For secondary schoolteacher Njika Alain, the arrests may have been motivated by Biya's desire to eliminate possible political opponents.

"It looks like a [doing away] of those who are opposed to the actual regime," Alain said. "It is a political fight instead of the fight against corruption or embezzlement."

Journalist George Alain Boyomo says the arrests began some 20 years ago when President Biya had already been in power for a decade.

"At the beginning, the fight against corruption in Cameroon had good intentions, but today people have come to understand that the campaign is to eliminate opponents of the president of the Republic," he said, adding that recent arrests have significant political implications.

Among the dozens in jail are Marafa Hamidou Yaya, President Biya's former secretary general and senior minister for territorial administrations; Abah Abah Polycarp, ex-minister of finance; Jean Mariie Atangana Mebara, a former minister of higher education; and Sieyam Siwe, former minister of mines. Some have been jailed for more than a decade, and it is not clear how many of the prisoners have faced trial.

According to human rights campaigner Dr. Richard Tantoh, the incarcerations do not align with standard judicial procedures involving charges of corruption and embezzlement.

"The treatment that is given to those who are caught does not give us an impression that the objective is to recover what has been stolen," he said, explaining that corruption or embezzlement indictments typically involve the creation of, for example, a special fund to ensure recovered finances are dedicated to public service or development projects.

"That is not happening," he said. "[These] people are locked up, some for 15 years, and they are released without us knowing exactly if money has been recovered or not."

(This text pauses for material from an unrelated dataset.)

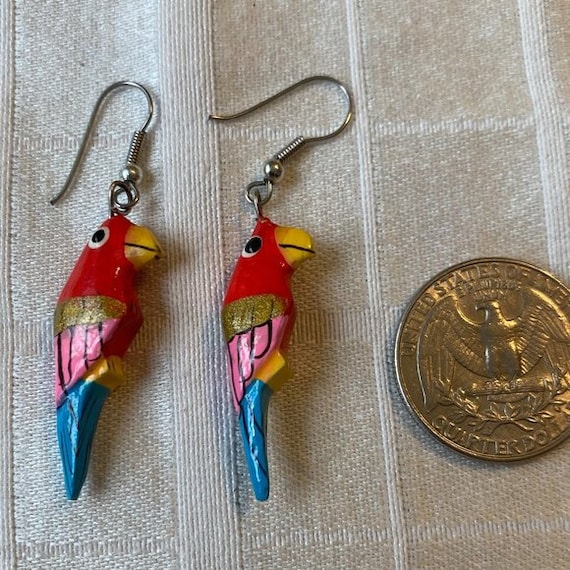 Share 130+ wooden parrot earrings latest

But Laurent Esso, Cameroon's justice minister, says some money has been recovered.

"Today the public treasury has recovered more than $4 million," he said, adding that the money was obtained from suspects who opted to stop the judicial process via financial settlement.

Elvis Ngole-Ngole, minister of forestry and wildlife and one of Biya's close collaborators in the ruling Cameroon People's Democratic Movement, denies that charges are fabricated.

"There is nothing to tell me that it is politically motivated and I think that the initiative is a deliberate public policy which is intended to make Cameroon a better country," he said. "If there are manipulators, we will know how to take care of those manipulators. A good policy such as the fight against corruption should not be manipulated upon or should not be distorted or should not be rendered a mockery by those who do not understand the moral foundations, the legal foundations, the legitimacy of that policy."

Four of the suspects, including Catherine Abena, former secretary of state for education, and Henry Engoulou, former minister delegate of finance, have died in detention. Their deaths have fueled rumors that suspects are not being given medical attention. Government spokesperson Issa Tchiroma denied the claims and said the case of Engoulou, who died 2 weeks ago, disproves the critics.

"During his detention, Mr. Engoulou benefited regular medical care at the Yaounde Central Hospital," he said. "As his health condition was growing worse, he was transferred to the intensive care unit where he later passed away."

None of the incarcerated suspects ever publicly declared their intentions to run for president. While Biya recently granted presidential clemency to some of the corruption suspects, only the minister of justice can determine who will be eligible for clemency and when.

In almost all of his public messages, Biya vows to intensify the fight against corruption, indicating that all those who have stolen will be punished without exception.